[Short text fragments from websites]
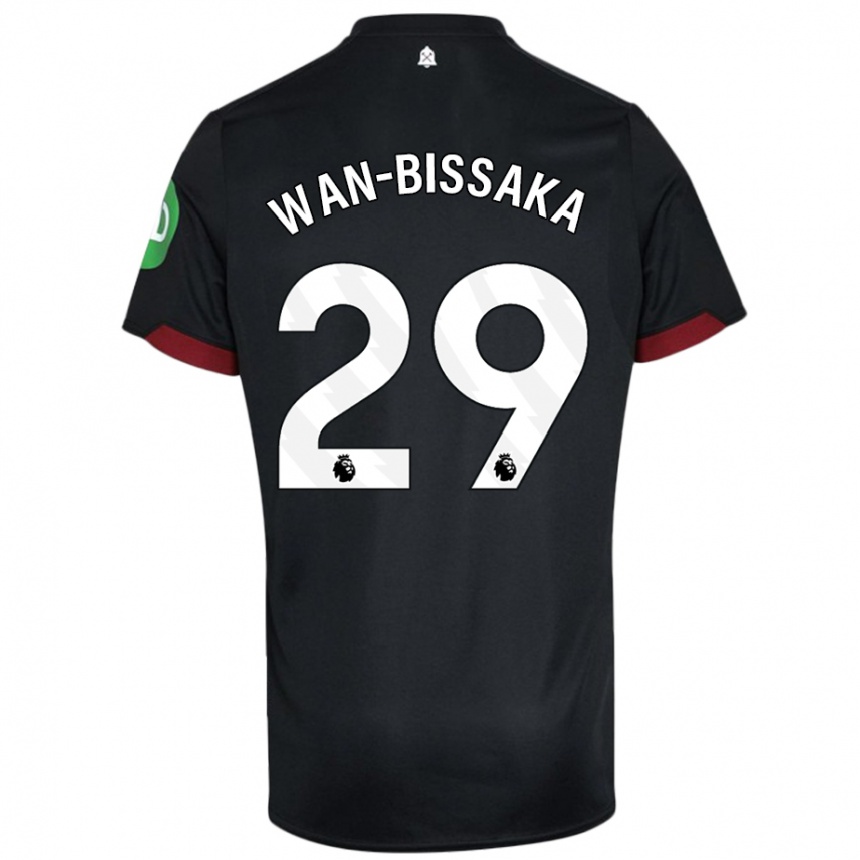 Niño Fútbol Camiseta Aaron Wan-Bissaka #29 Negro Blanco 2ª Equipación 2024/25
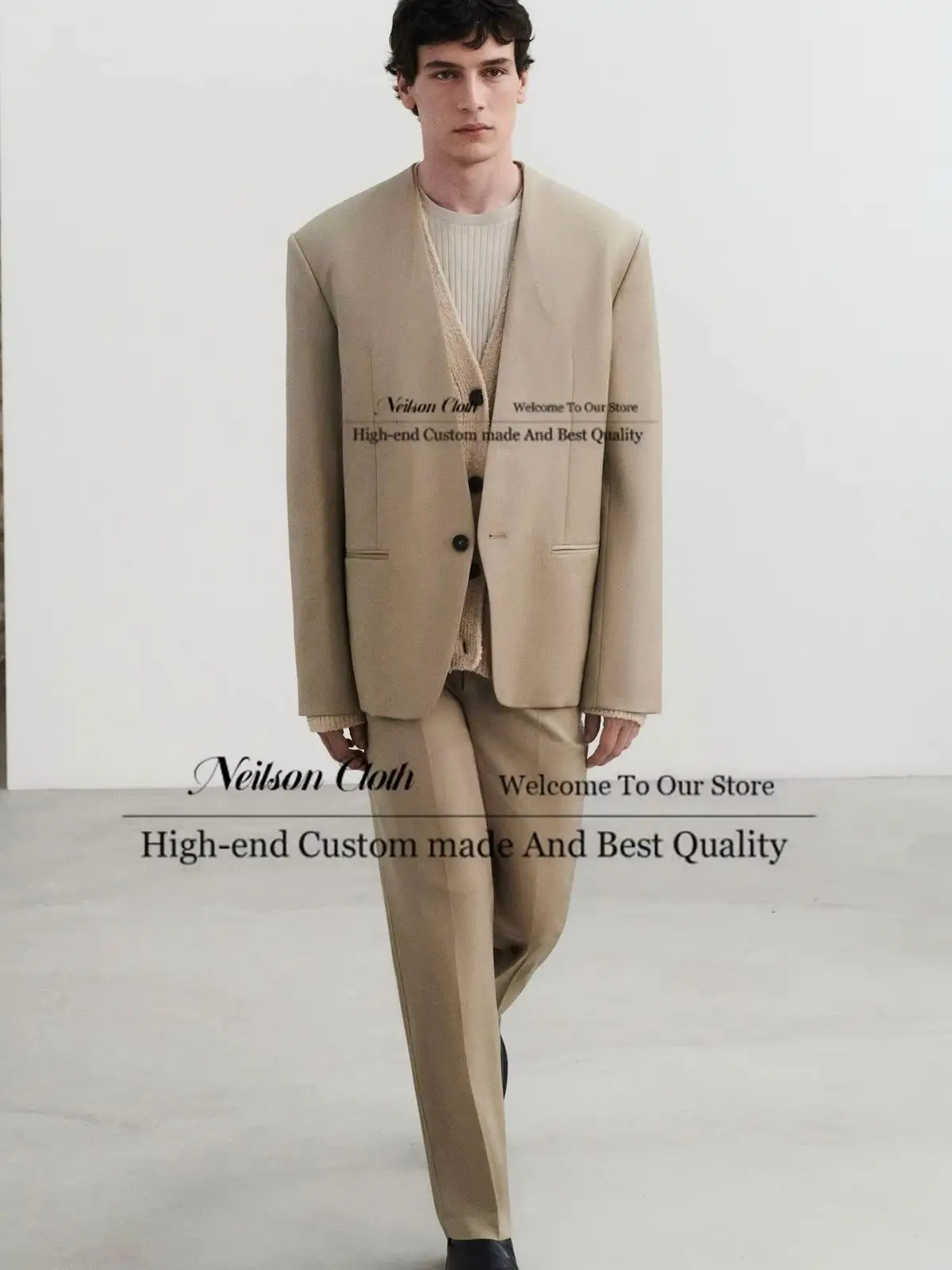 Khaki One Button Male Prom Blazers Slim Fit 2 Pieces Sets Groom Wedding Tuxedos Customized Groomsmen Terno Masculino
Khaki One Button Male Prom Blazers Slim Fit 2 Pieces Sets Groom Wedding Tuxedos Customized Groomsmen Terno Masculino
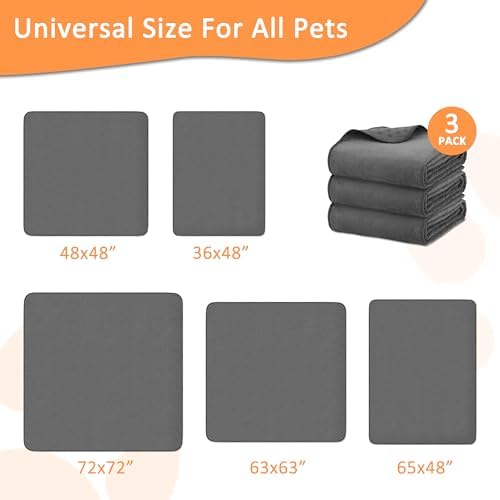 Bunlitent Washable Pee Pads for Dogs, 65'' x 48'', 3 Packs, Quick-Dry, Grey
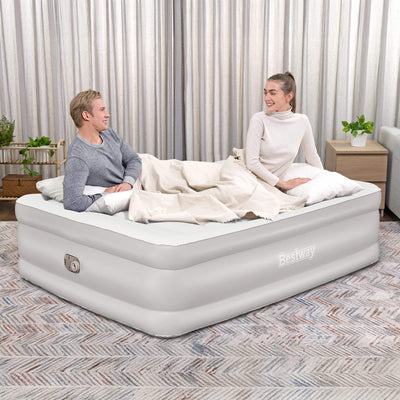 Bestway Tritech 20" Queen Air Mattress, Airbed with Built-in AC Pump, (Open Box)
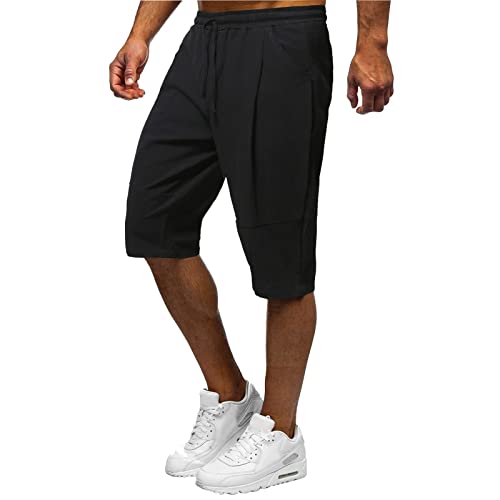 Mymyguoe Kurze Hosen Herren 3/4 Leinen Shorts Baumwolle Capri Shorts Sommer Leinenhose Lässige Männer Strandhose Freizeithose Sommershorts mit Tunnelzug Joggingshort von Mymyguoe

WHAT NEEDS TO BE DONE » Excluding images, return all of the records above word for word.

TASK ANSWER »
 Niño Fútbol Camiseta Aaron Wan-Bissaka #29 Negro Blanco 2ª Equipación 2024/25
 Khaki One Button Male Prom Blazers Slim Fit 2 Pieces Sets Groom Wedding Tuxedos Customized Groomsmen Terno Masculino
Khaki One Button Male Prom Blazers Slim Fit 2 Pieces Sets Groom Wedding Tuxedos Customized Groomsmen Terno Masculino
 Bunlitent Washable Pee Pads for Dogs, 65'' x 48'', 3 Packs, Quick-Dry, Grey
 Bestway Tritech 20" Queen Air Mattress, Airbed with Built-in AC Pump, (Open Box)
 Mymyguoe Kurze Hosen Herren 3/4 Leinen Shorts Baumwolle Capri Shorts Sommer Leinenhose Lässige Männer Strandhose Freizeithose Sommershorts mit Tunnelzug Joggingshort von Mymyguoe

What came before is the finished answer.